A little while ago, the Progress MS-22 spacecraft docked with the International Space Station in the mission also referred to as Progress 83 or 83P. The Russian cargo spacecraft, which blasted off last Thursday, February 9, Russian time, carries food, water, scientific experiments, fuel, and various hardware.
The Progress MS-22 cargo spacecraft docked with the International Space Station’s Russian Zvezda module. Today, the crew will probably proceed with the hatch opening and the procedures to make it an appendage to the Station. The Progress MS-22’s primary mission is accomplished. In fact, it can’t return to Earth, so it will be filled with pieces of hardware that are faulty or have become unusable for some reason and assorted garbage and will disintegrate coming back to the Earth’s atmosphere.
The Progress MS-22 space freighter is scheduled to remain docked with the International Space Station for over six months. The date for its departure will be set later this year by the Russian space agency Roscosmos.

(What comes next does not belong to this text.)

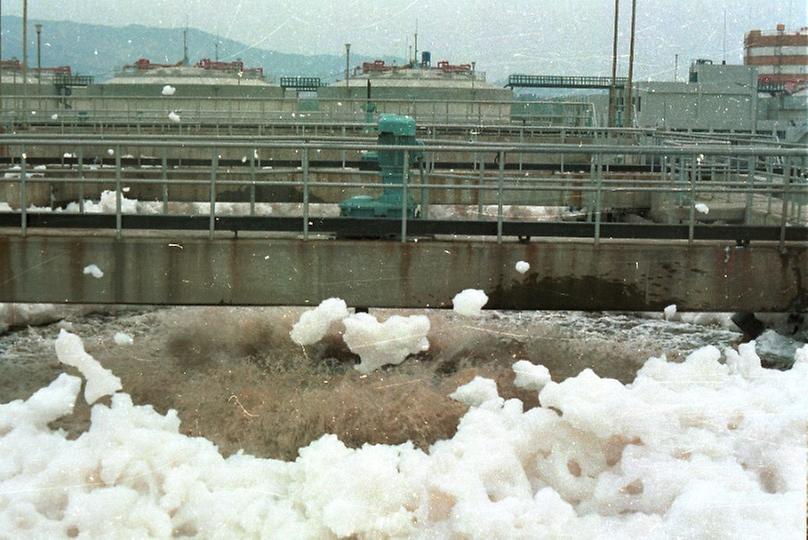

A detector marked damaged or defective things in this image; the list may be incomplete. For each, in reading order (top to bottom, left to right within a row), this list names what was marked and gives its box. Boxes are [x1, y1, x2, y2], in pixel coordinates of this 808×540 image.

rusty metal surface [1, 233, 800, 312]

The supplies of food, water, and oxygen on the International Space Station are always abundant in order to last many months. Normally, various space freighters from the partner nations reach the Station during each year but occasionally there are launch delays or even the failure of one or more resupply missions. This can lead to those reserves being used and depleted, even if just partially. In this case, the damage to the Soyuz MS-22 spacecraft’s cooling system, probably caused by a micrometeorite, will result in its crew staying on the Station longer than scheduled, increasing the need for those essentials for a little while.
The decisions connected to the revised International Space Station crew rotation schedule will be communicated by Roscosmos. Meanwhile, the launch of the Soyuz MS-23 spacecraft to replace the damaged one is scheduled for February 20. In this out-of-the-ordinary situation, the arrival of new supplies is good even when there was already plenty of it.